Este artigo foi adaptado da reportagem especial da AQ sobre o crime organizado transnacional | Read in English | Leer en español
Além da Netflix, dos serviços de entrega de alimentos e dos fabricantes de papel higiênico, a lista de negócios que se beneficiaram da COVID-19 também inclui o crime organizado. Organizações como o Primeiro Comando da Capital, ou PCC, de São Paulo, e o Cartel de Sinaloa, do México, estão se aproveitando de governos distraídos e de uma população desesperada para aumentar seu controle sobre setores da economia, estruturas políticas e, muitas vezes, territórios.
A história de cartéis que enriquecem com o tráfico de drogas nas Américas não é nova – ela existe há pelo menos 40 anos e, embora os nomes e as lideranças mudem, os temas de oferta abundante e uma demanda que só cresce (e que ainda vem principalmente do Estados Unidos) são uma triste constante.
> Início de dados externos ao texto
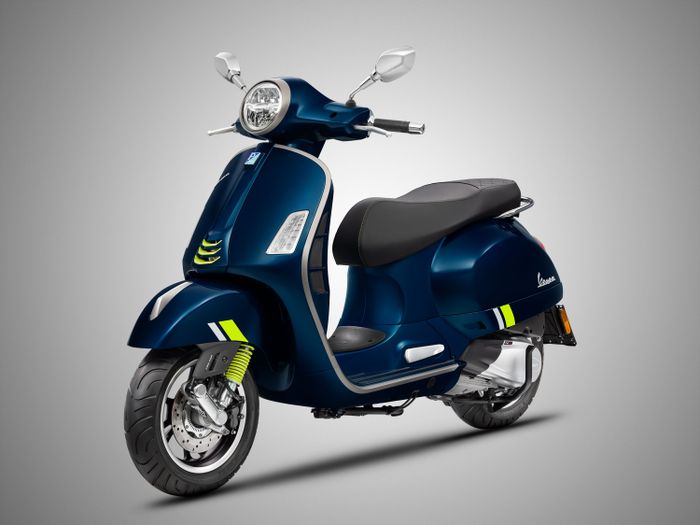 Khám phá bộ sưu tập màu mới của Vespa 2023 với phiên bản GTS Super Tech màu Xanh Đậm.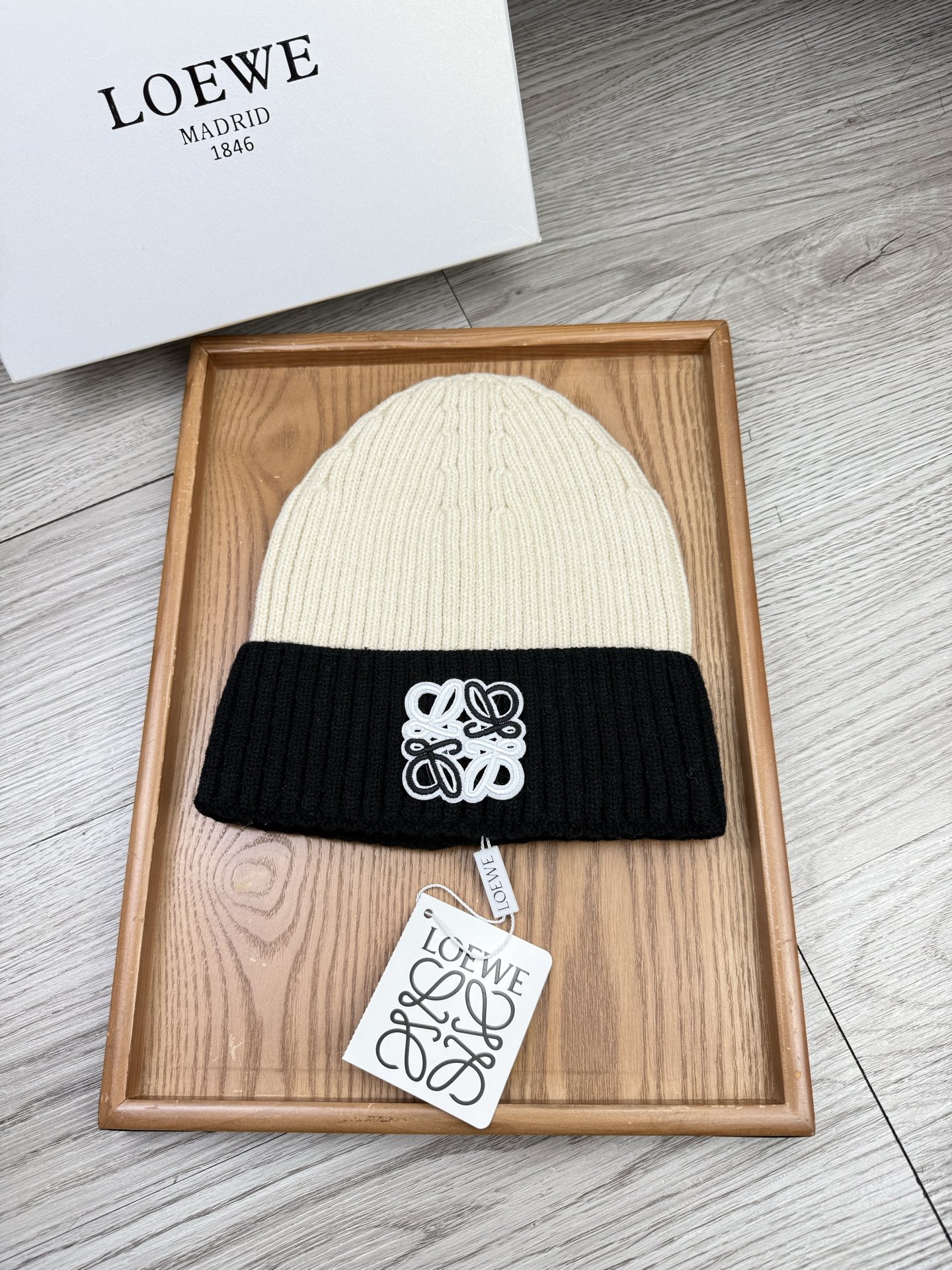 。loewe。福利！【细毛线针织单帽】新款上架，特别实惠的一个系列帽子，面料：细毛线。密度紧致！毛线针织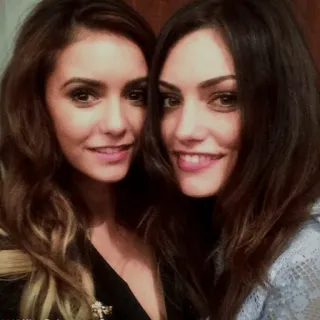 🥀 mujeres, sonriendo, retrato, selfie, amigos telegram sticker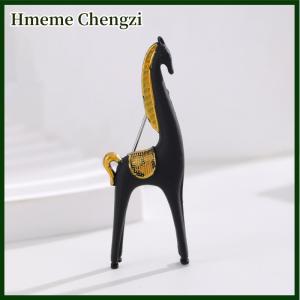 Hmeme New Creative Animal Horse Brooch Fashion Personality Pony Pin Men And Women Accessories Holiday Gift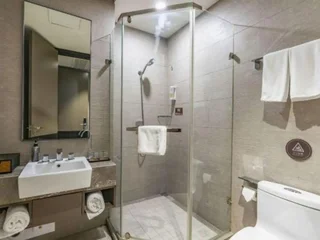 Шанхай: Home Inn Plus Shanghai Chifeng Road Metro Station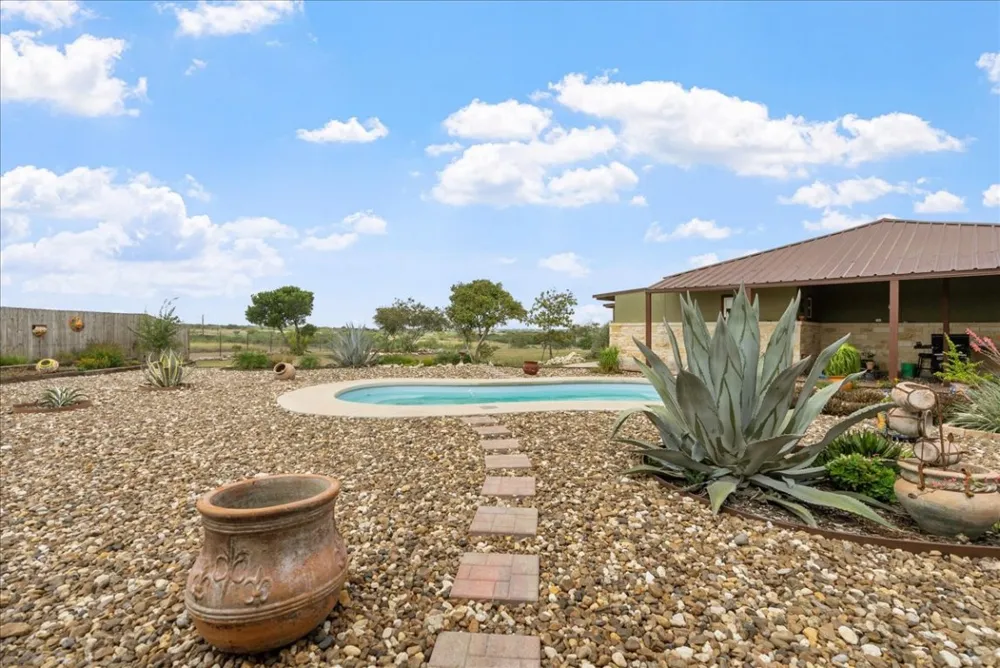623 Nakishwana Circle Sandia, TX 78383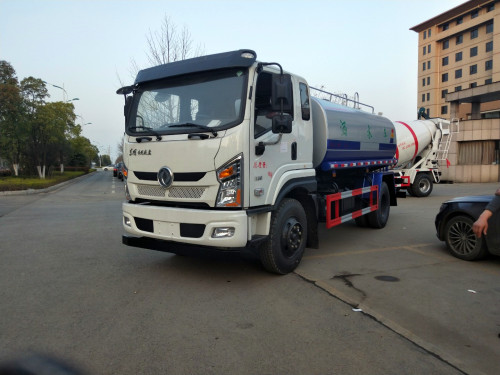 程力威牌CLW5161GSSYT6型灑水車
Mas agora há sinais de que a pandemia realmente pode ter sido um ponto de inflexão, criando dores de cabeça de longo prazo para todos os governos, incluindo a nova administração de Joe Biden.
Grupos criminosos prosperam principalmente em áreas onde os moradores os veem como uma alternativa mais eficaz e cuidadosa ao Estado. À medida que o vírus se espalhava, muitas organizações do crime organizado impuseram medidas de isolamento no México, distribuíram comida em El Salvador e implementaram toques de recolher no Rio de Janeiro. Esse grupos contrabandearam equipamentos necessários para combater a pandemia, como máscaras cirúrgicas, testes e desinfetantes. Alguns temem que essas organizações tentem controlar a distribuição das vacinas.
A COVID-19 também causou um aumento no desemprego, elevando o número de jovens latino-americanos que não estudam nem trabalham, que já somava mais de 20 milhões antes da pandemia. Depois de registrar uma contração de 8% em média em 2020, as economias da região devem registrar uma recuperação de apenas 3,5% neste ano, segundo previsões — o que significa que a miséria vai persistir. Isso provou ser um terreno fértil de recrutamento para o crime organizado na Colômbia e provavelmente em outros lugares. Com menos pessoas nas ruas, algumas facções se diversificaram ainda mais no crime digital.
É um quadro preocupante e, embora na AQ nos consideremos otimistas, esta é uma área onde francamente vemos poucas chances de grandes mudanças. No governo Biden, com um Congresso americano dividido, uma reforma na estratégia da “guerra às drogas” parece improvável. Alguns governos não parecem considerar o combate ao crime organizado uma prioridade. Outros, como o da Venezuela, são hoje rotulados de narco-Estados. O resto está simplesmente sobrecarregado demais.
Nesse sentido, o foco provavelmente deve ser colocado no gerenciamento das consequências. Isso significa melhor coordenação entre os governos e militares do hemisfério, bem como a adoção de uma estratégia similar a da polícia brasileira, que vem desmantelando os esquemas de lavagem de dinheiro de organizações criminosas. Medidas econômicas para atenuar o aumento da desigualdade também podem ajudar. Essas etapas são mais medidas paliativas do que uma cura — mas na era da COVID-19, essa talvez seja a única saída possível.